There are also times when the mood just isn’t right. You may scoff, but building models isn’t simply about following instructions, wielding tools and miniature engineering. There is also art involved, and when the Modelling Muse bimbles off somewhere more interesting I can be left with no choice but to seek other things to do.
Last week was supposed to be busy; I had loads of workbench stuff to get on with, at any rate. On Monday I had an appointment around midday, so the morning and afternoon were sufficiently disrupted as to stop meaningful work. Tuesday, I was struck by some sort of malaise which left me moping around the house trying not to be annoyed at everyone and everything. Experience tells me best not to tackle anything involving sharp tools in that kind of mood. Wednesday saw our weekly shop a day earlier than normal—a knocked-on disruption from a short break a month ago. Best Beloved also decided he wanted some new electronic toy (a printer), and that ended up with me sorting out a rat’s nest of cables and installing software across our various computers for the rest of the day. Thursday appeared to have trickled away with nothing constructive being achieved. Friday vanished into a miasma of nothing much.

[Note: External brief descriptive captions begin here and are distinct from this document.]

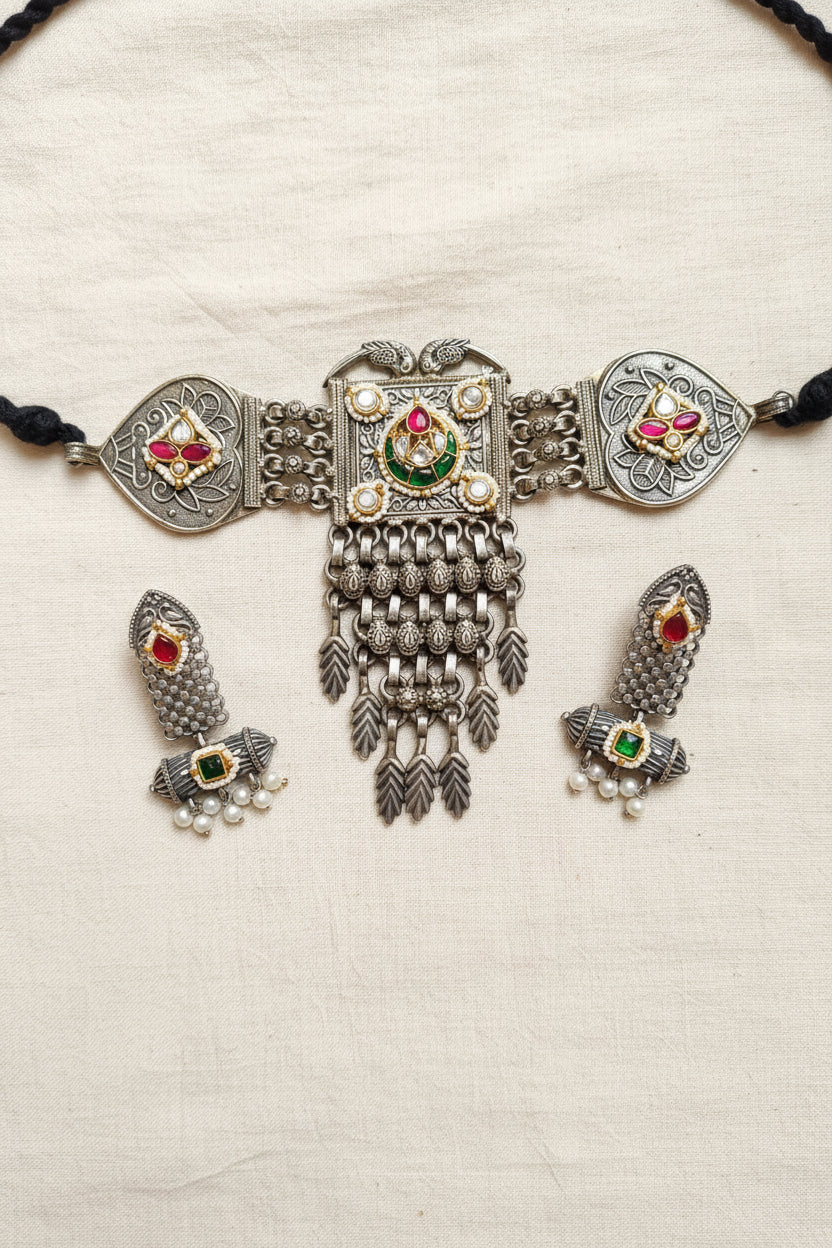 Pachi Kundan Fusion Choker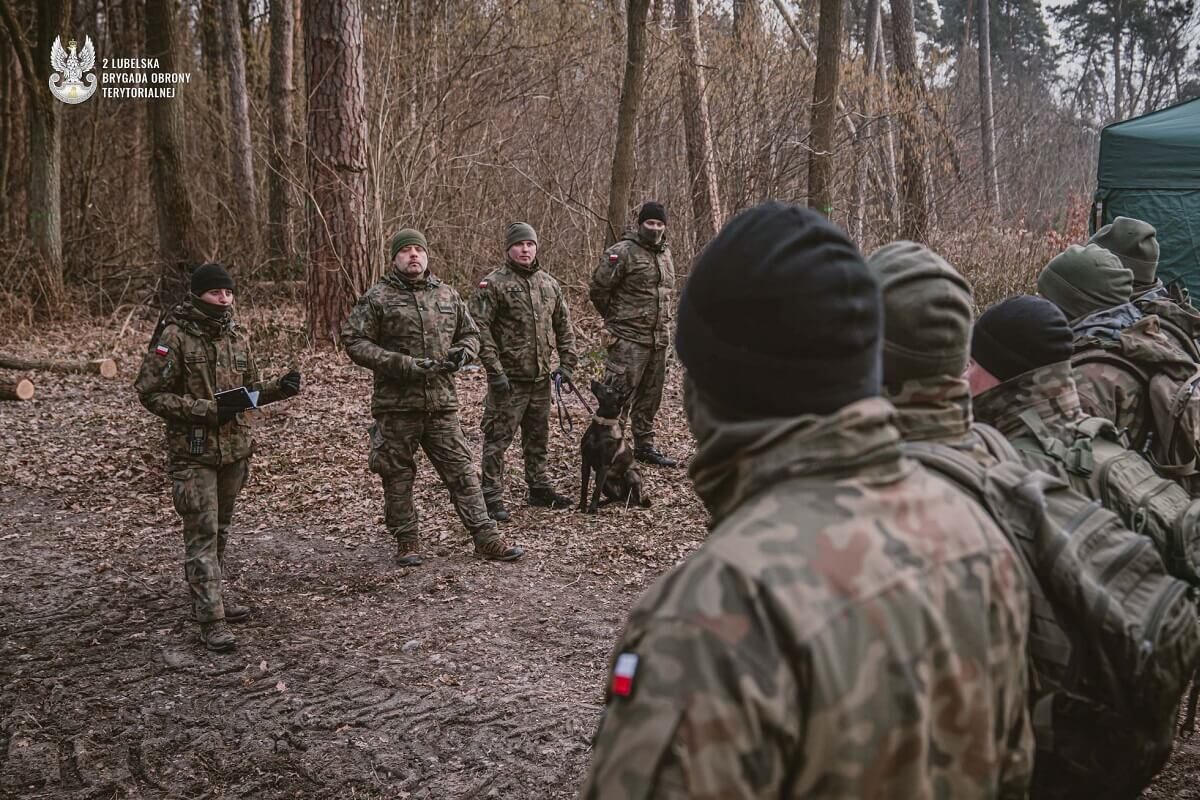 Terytorialsi i psy ratownicze w akcji. Lubelska Grupa K9 doskonali swoje umiejętności 1 Grupa K9 2 LBOT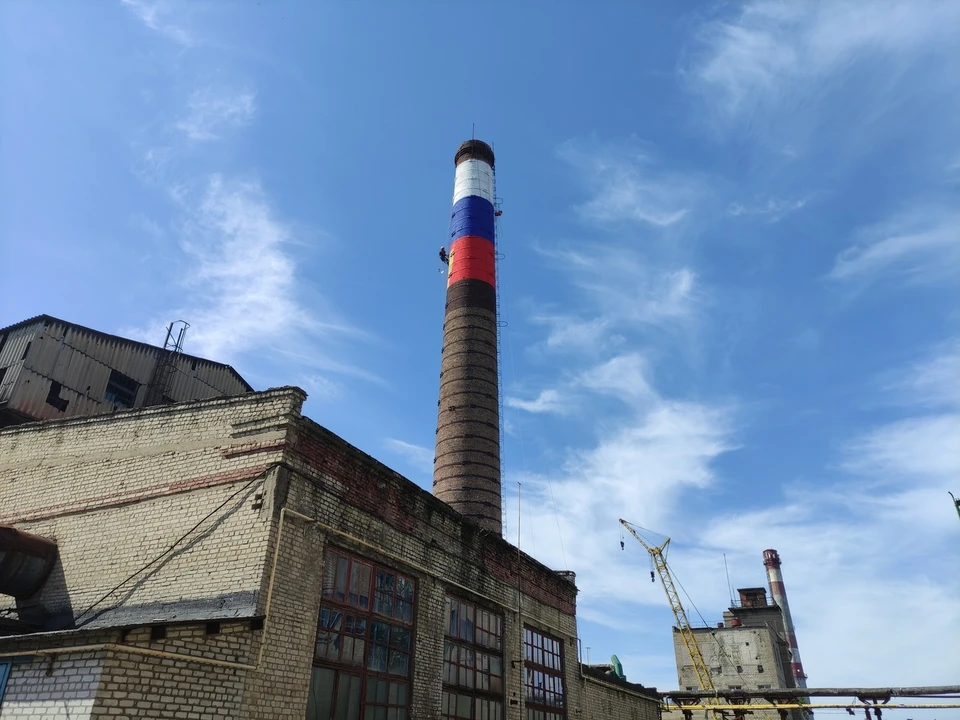 Вместо украниского флага на трубу нанесли 12-метровый российский триколор. Фото: Луганское региональное отделение "Единой России".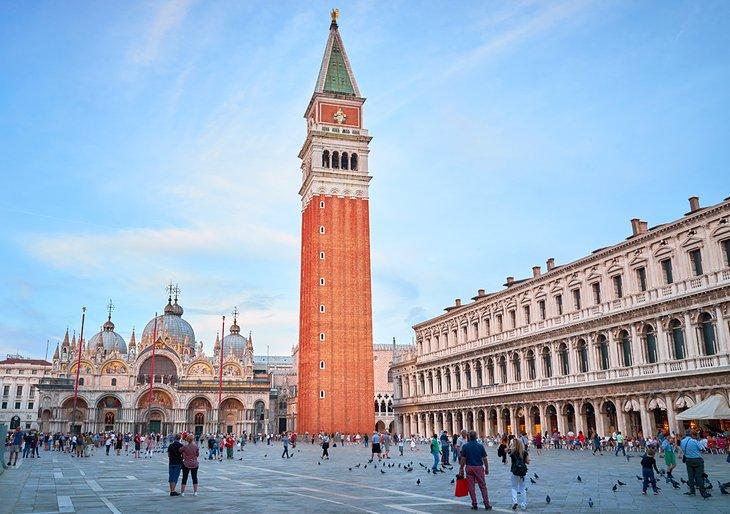 Le Campanile sur la Place Saint-Marc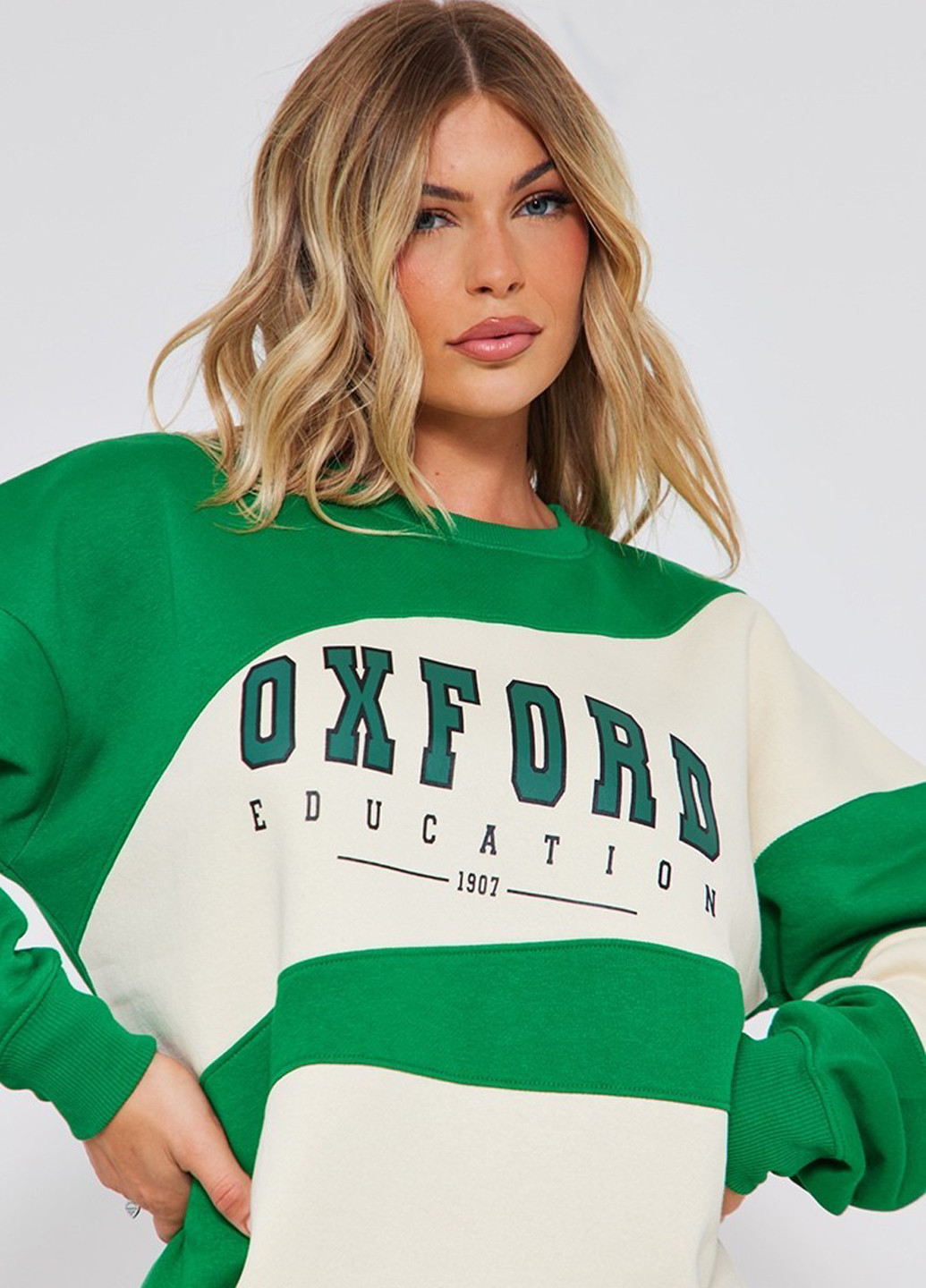 Зеленое спортивное, кэжуал платье платье-свитшот PrettyLittleThing с надписью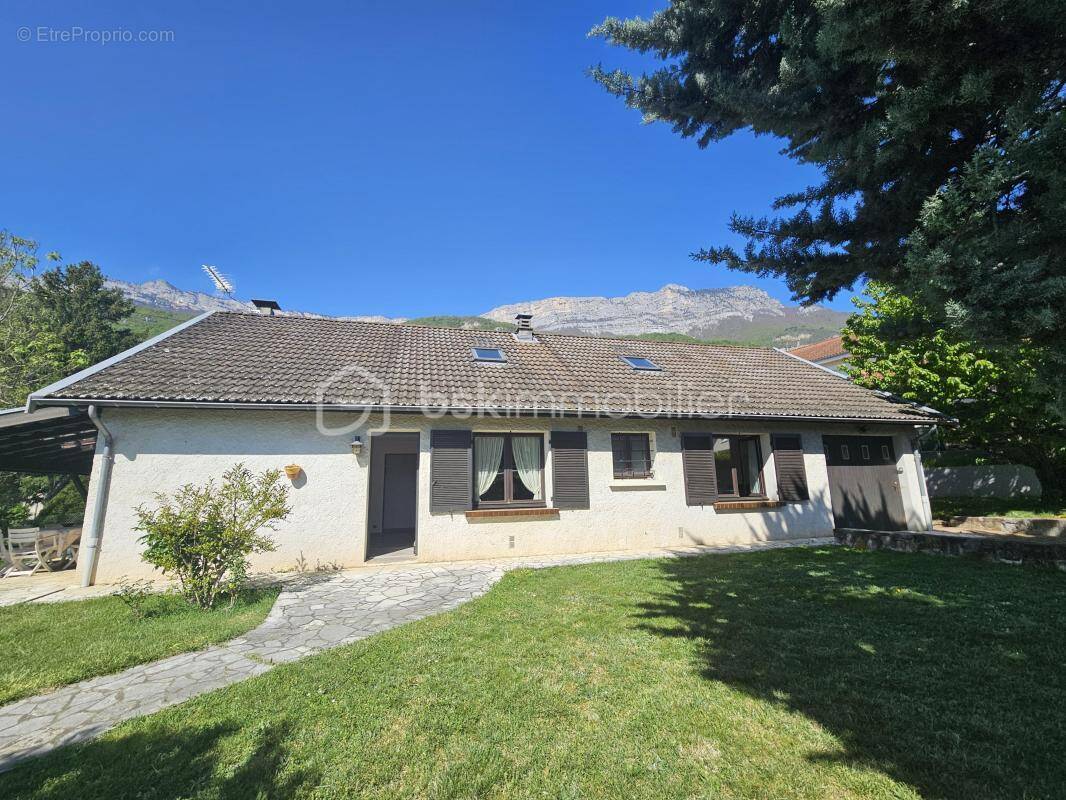 Maison à CLAIX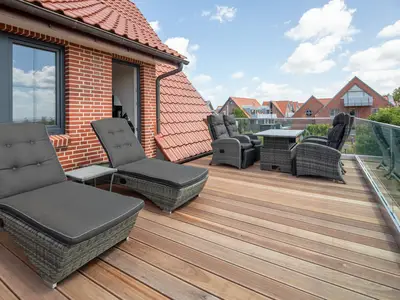 Dachterrasse mit seitlichem Meerblick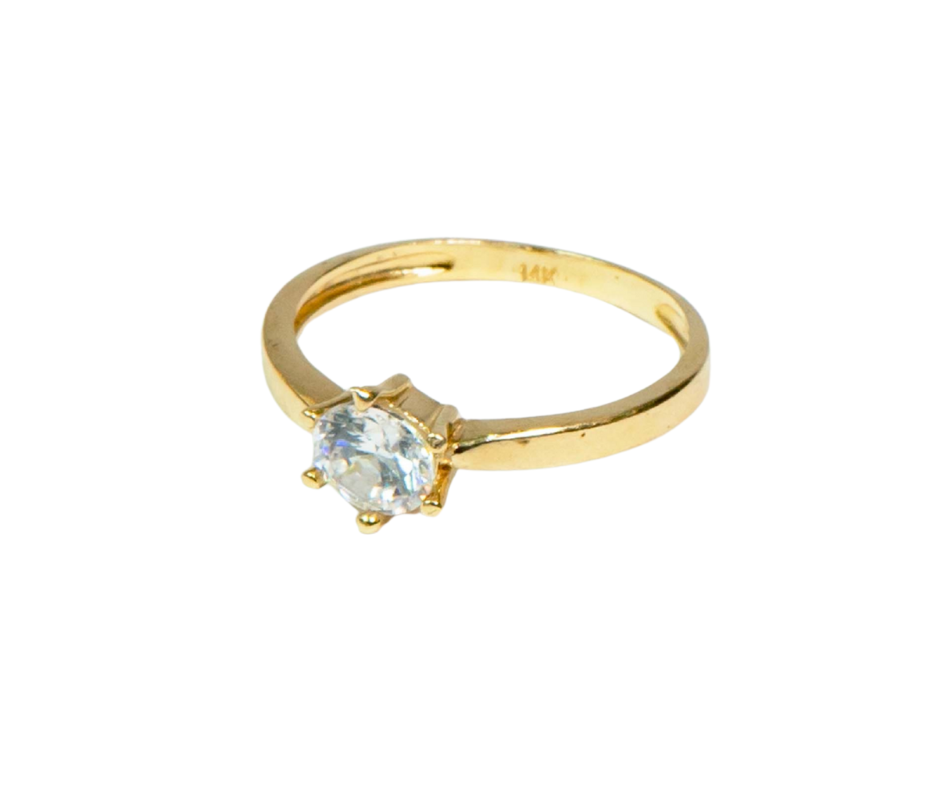 Anillo Solitario en Oro 14K con Piedras Blancas
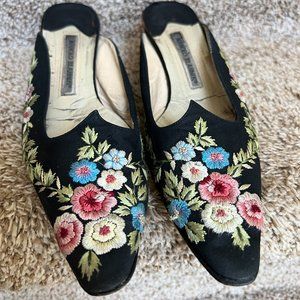 Manolo Blahnik Women's Multicolor Floral Suede Slip On Kitten Mule Heels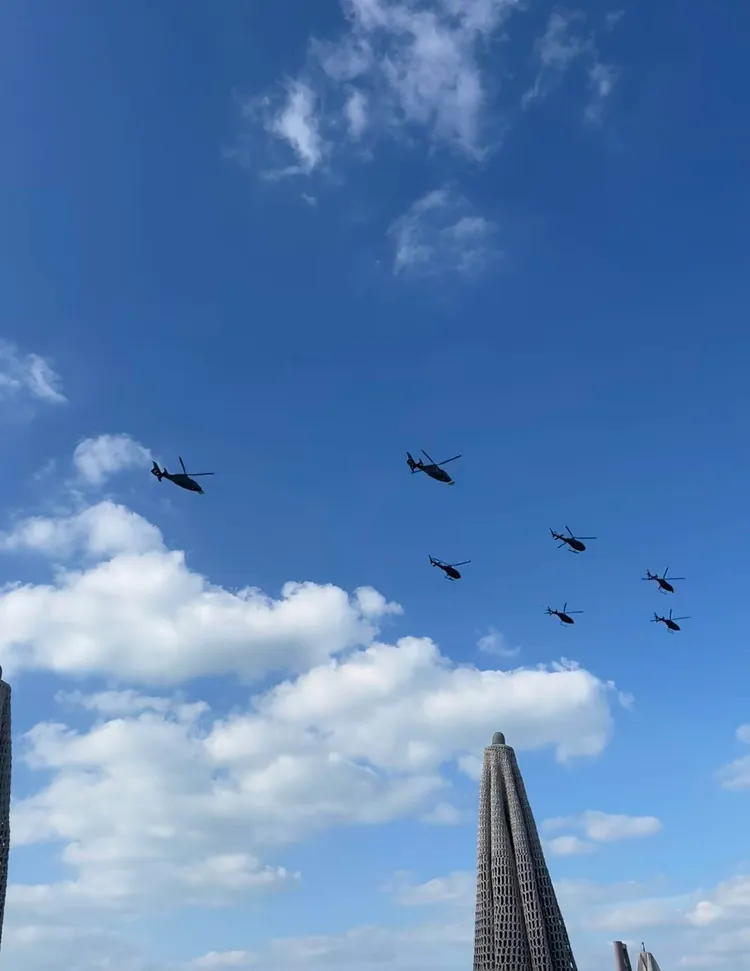 數架直升機飛過。翻攝蔣麗莎小紅書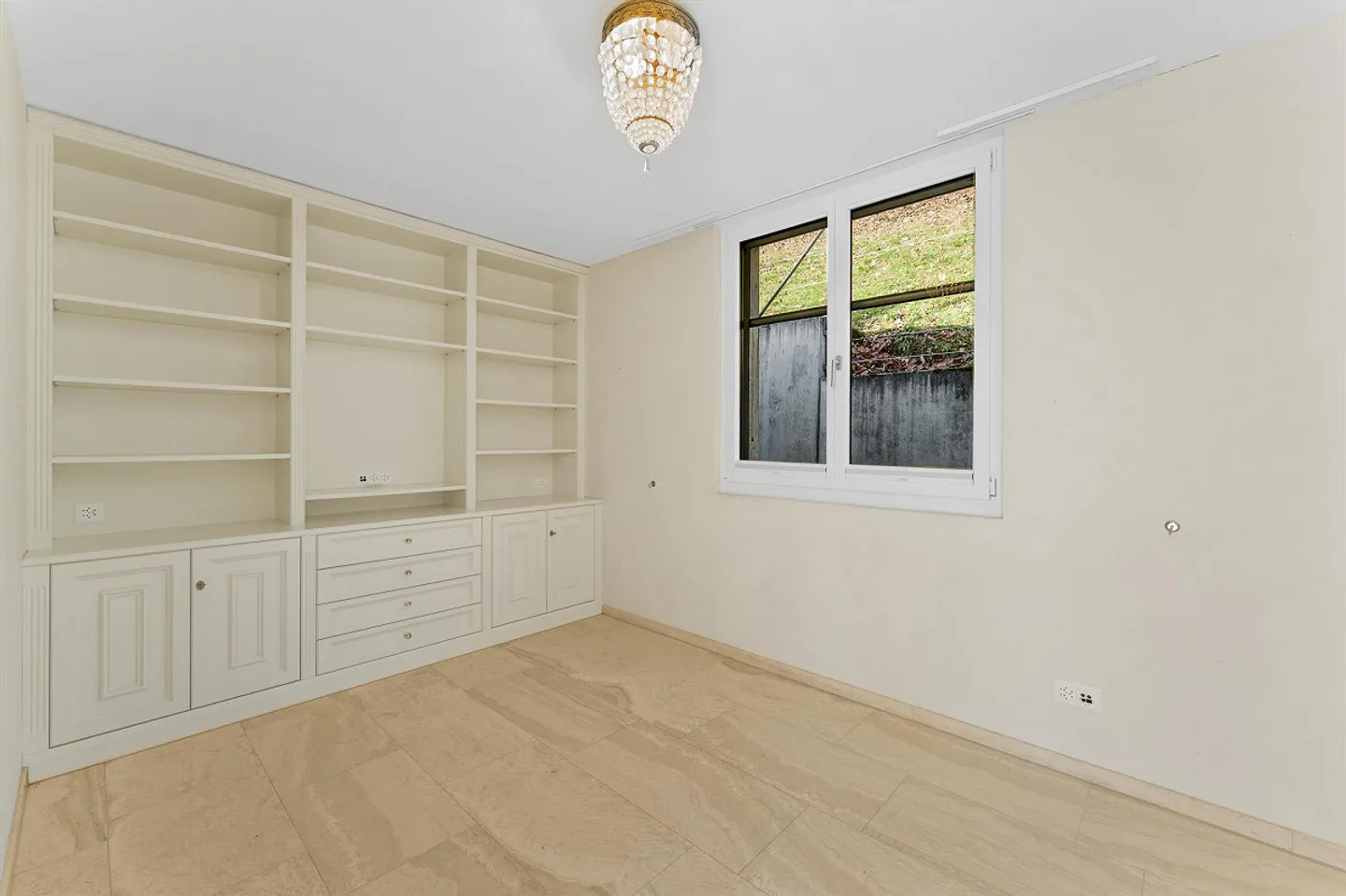 Appartamento duplex di 5,5 stanze in una posizione tranquilla a Brunnen - Foto 11 di 19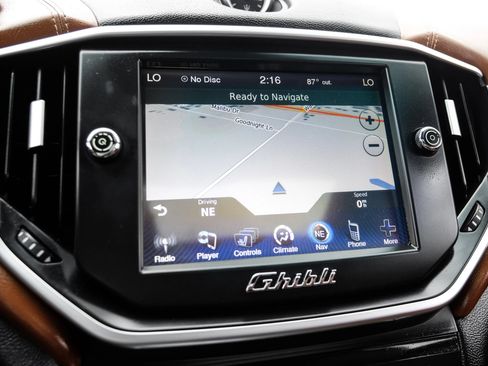 Used 2015 Maserati Ghibli S Q4 AWD/4WD image 26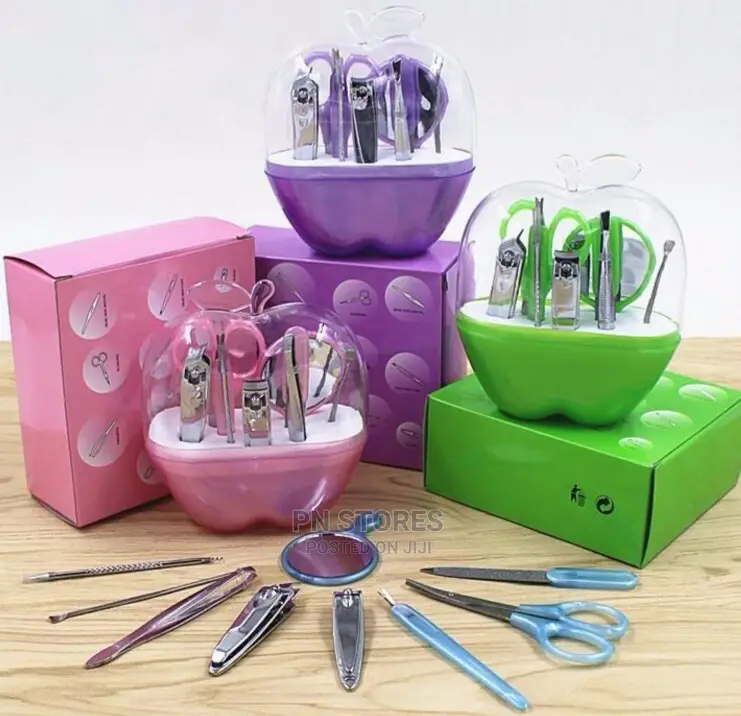 Apple Shaped Manicure and Pedicure Set Kit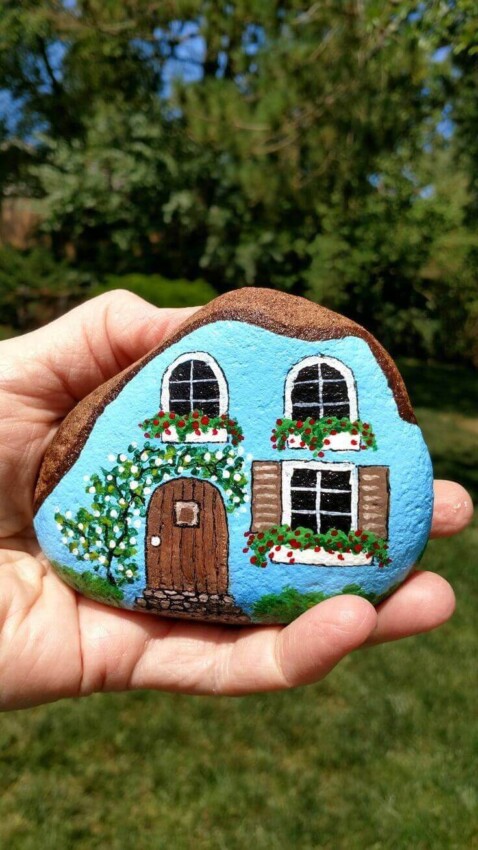 easy painted rock ideas Mini House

I suppose I could blame the season and the weather. It is November, after all, and looking from my window into the near-darkness more rain has set in, with its close colleague wind not far behind. It’s a singularly depressing time of the year, despite the glorious leaf colours on a bright and sunny day. It’s all too short, though, and already the talk is of Christmas.
Ah, Christmas. Here it comes again. It is true what they say. The years fly by faster as you get older. And on that happy note, I think it’s time for me to do some other displacement activity to avoid actually working.